▶ **Available data**:

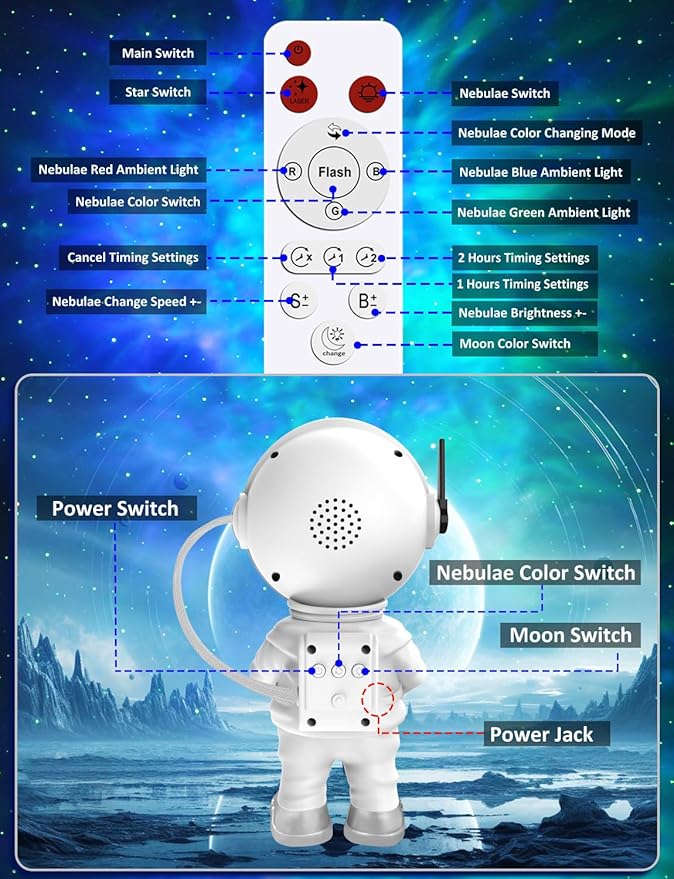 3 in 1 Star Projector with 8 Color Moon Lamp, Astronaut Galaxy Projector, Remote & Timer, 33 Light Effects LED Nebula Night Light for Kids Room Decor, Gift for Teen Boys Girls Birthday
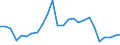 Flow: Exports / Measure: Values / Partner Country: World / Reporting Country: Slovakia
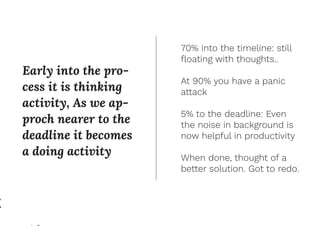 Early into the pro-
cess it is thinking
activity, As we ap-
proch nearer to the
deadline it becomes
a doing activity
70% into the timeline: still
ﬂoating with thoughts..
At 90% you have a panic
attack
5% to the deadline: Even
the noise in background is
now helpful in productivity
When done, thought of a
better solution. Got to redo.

▶ **Action item**: Check each line above for the word "deadline" and copy the ones that have it.

▶ **The answer**:
deadline it becomes
5% to the deadline: Even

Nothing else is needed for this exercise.